● Brief:
Please repeat exactly the lines below from the line with "This mirror was" to the line with "Saw a balder", including both, and leave out every picture.

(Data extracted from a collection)
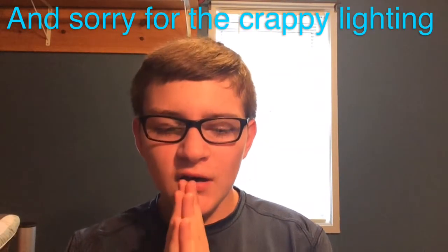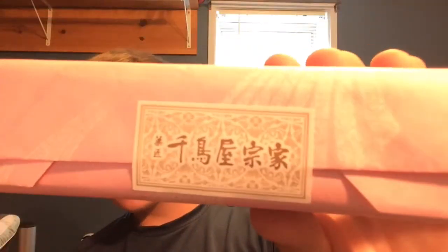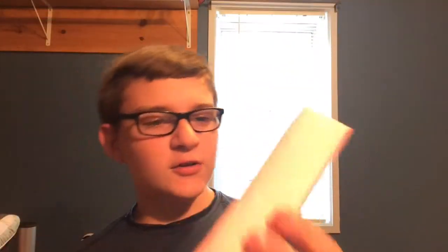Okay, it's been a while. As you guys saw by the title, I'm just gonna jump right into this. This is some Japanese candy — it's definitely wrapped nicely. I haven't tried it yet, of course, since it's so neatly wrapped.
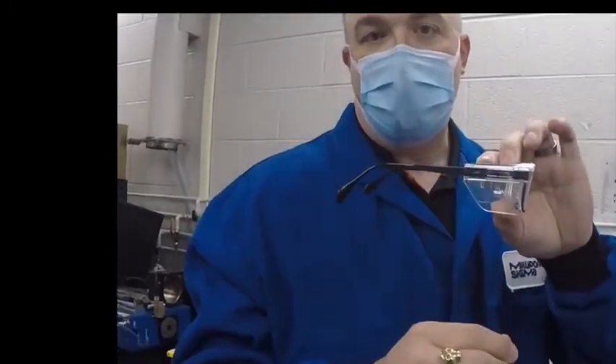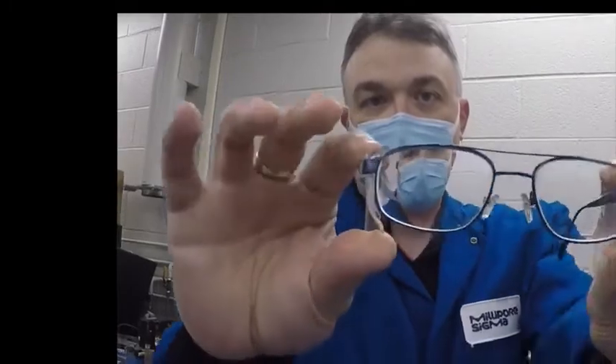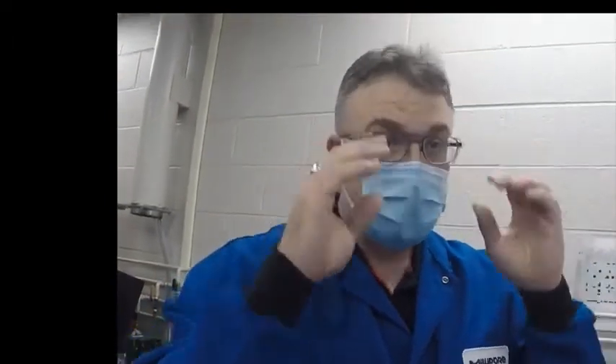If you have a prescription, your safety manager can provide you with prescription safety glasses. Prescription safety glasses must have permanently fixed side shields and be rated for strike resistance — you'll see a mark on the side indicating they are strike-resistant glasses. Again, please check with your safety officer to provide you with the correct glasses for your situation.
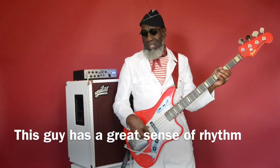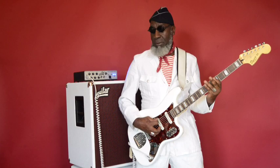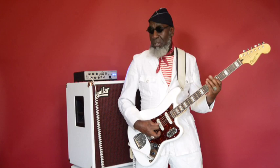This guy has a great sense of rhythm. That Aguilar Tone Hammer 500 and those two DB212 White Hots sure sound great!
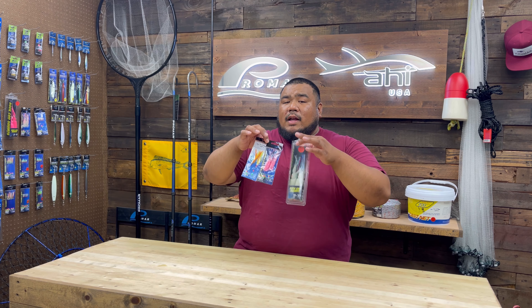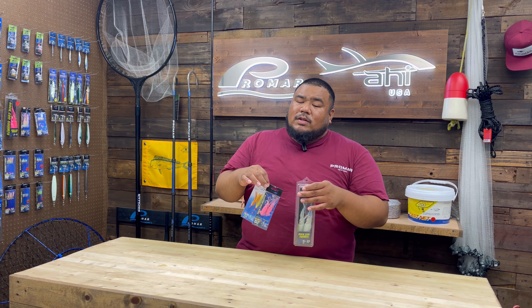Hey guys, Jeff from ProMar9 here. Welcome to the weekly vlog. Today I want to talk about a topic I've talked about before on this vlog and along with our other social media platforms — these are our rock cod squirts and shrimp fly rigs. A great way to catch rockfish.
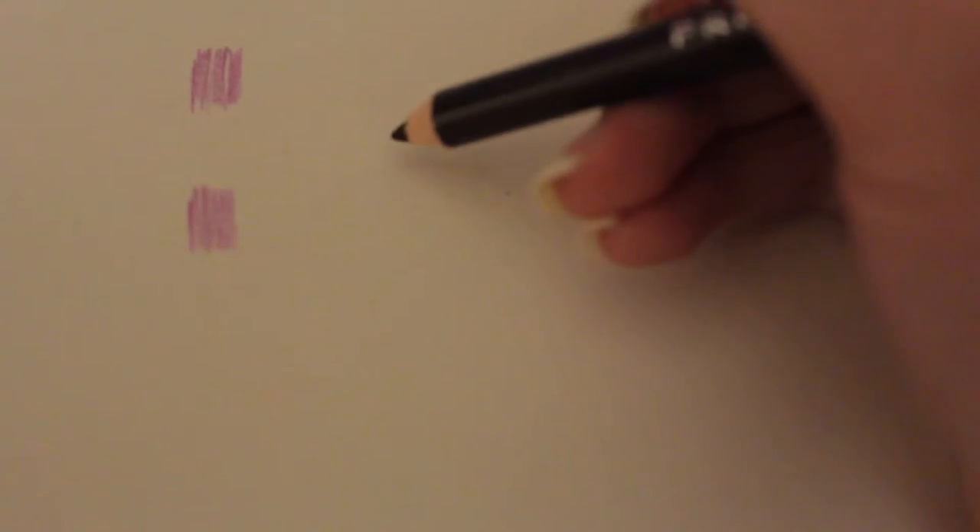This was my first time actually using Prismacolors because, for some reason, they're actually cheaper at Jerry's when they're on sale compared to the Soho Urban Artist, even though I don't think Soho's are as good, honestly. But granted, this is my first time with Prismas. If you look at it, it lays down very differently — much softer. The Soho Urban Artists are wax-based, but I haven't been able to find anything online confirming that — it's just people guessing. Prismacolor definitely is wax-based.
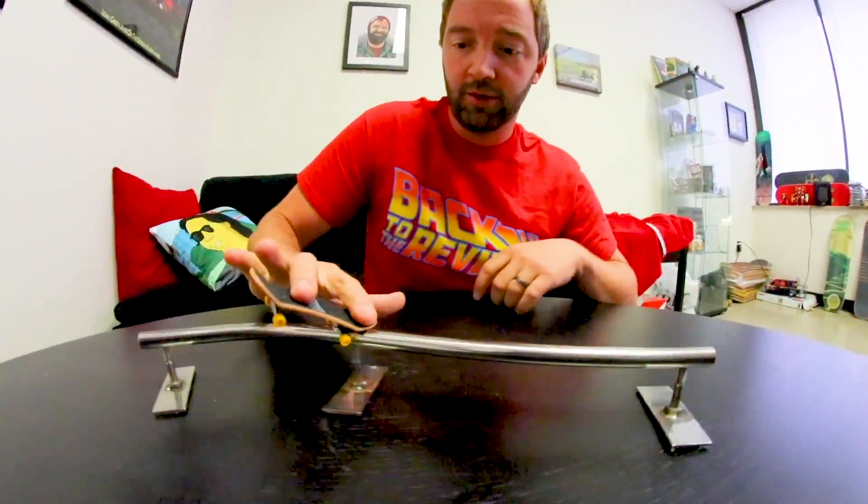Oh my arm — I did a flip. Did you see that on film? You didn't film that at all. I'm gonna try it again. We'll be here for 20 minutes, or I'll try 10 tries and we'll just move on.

==

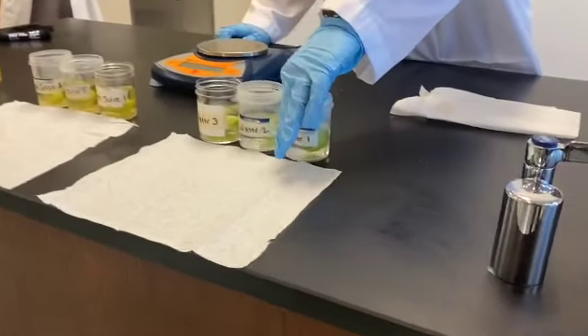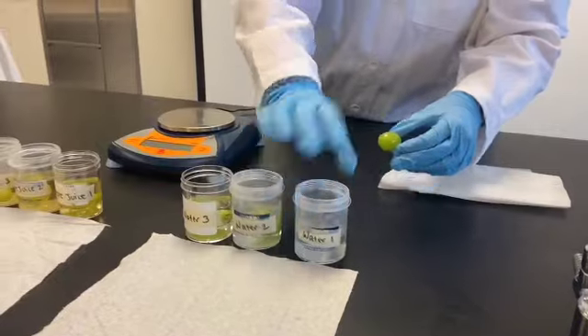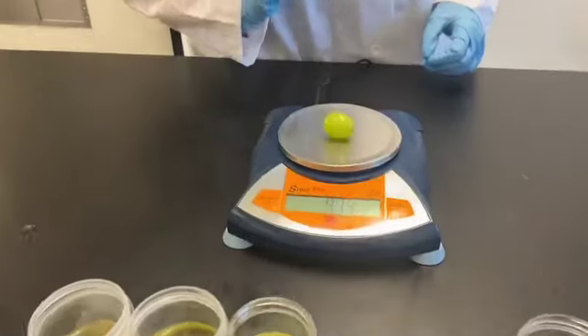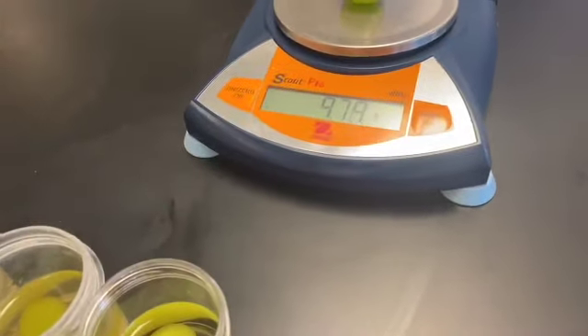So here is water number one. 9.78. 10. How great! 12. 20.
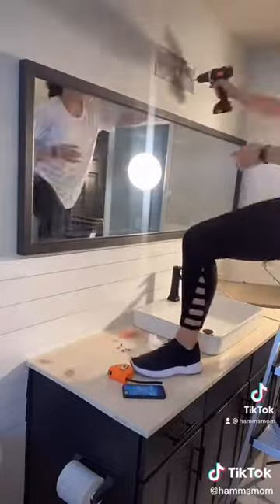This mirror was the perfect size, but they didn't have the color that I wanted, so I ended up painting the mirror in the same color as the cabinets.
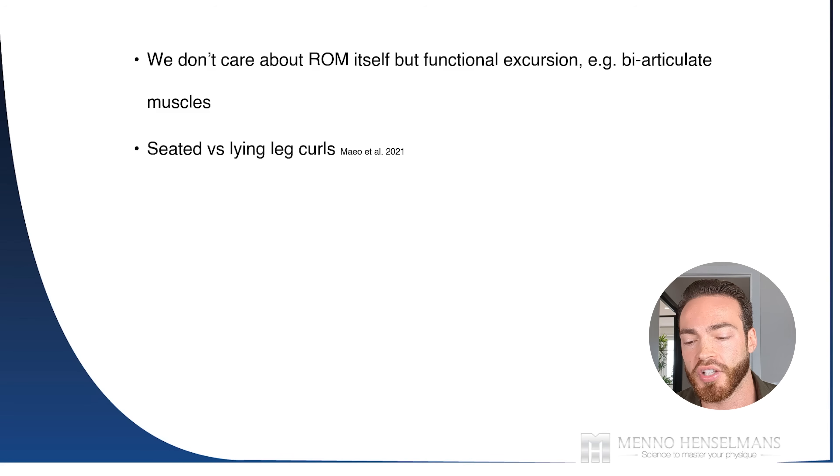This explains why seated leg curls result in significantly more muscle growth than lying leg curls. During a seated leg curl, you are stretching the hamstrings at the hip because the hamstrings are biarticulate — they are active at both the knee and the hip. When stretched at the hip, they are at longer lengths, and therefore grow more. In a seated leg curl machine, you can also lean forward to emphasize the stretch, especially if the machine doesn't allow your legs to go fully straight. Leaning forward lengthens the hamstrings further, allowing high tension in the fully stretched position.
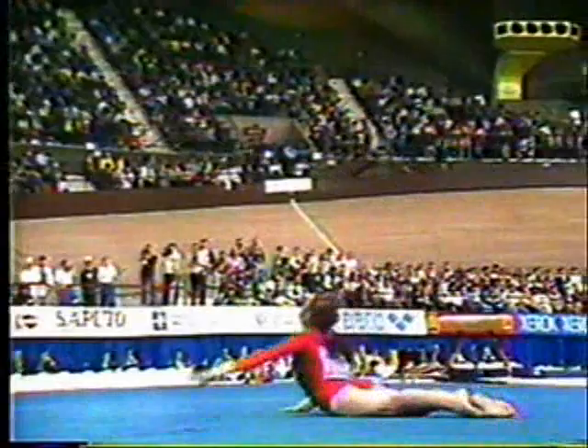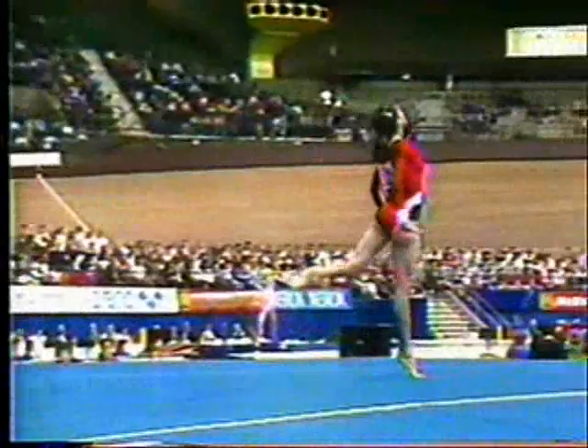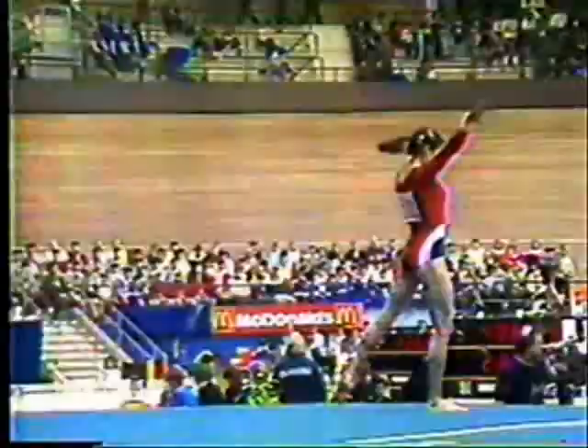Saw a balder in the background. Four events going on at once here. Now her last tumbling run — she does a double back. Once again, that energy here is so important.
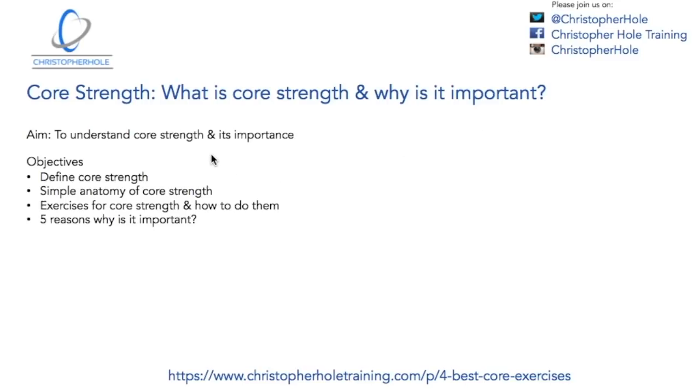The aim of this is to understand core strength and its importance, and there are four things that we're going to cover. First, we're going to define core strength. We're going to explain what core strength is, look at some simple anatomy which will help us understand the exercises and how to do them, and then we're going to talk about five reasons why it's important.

● Solution for this task:
This mirror was the perfect size, but they didn't have the color that I wanted, so I ended up painting the mirror in the same color as the cabinets.
This explains why seated leg curls result in significantly more muscle growth than lying leg curls. During a seated leg curl, you are stretching the hamstrings at the hip because the hamstrings are biarticulate — they are active at both the knee and the hip. When stretched at the hip, they are at longer lengths, and therefore grow more. In a seated leg curl machine, you can also lean forward to emphasize the stretch, especially if the machine doesn't allow your legs to go fully straight. Leaning forward lengthens the hamstrings further, allowing high tension in the fully stretched position.
Saw a balder in the background. Four events going on at once here. Now her last tumbling run — she does a double back. Once again, that energy here is so important.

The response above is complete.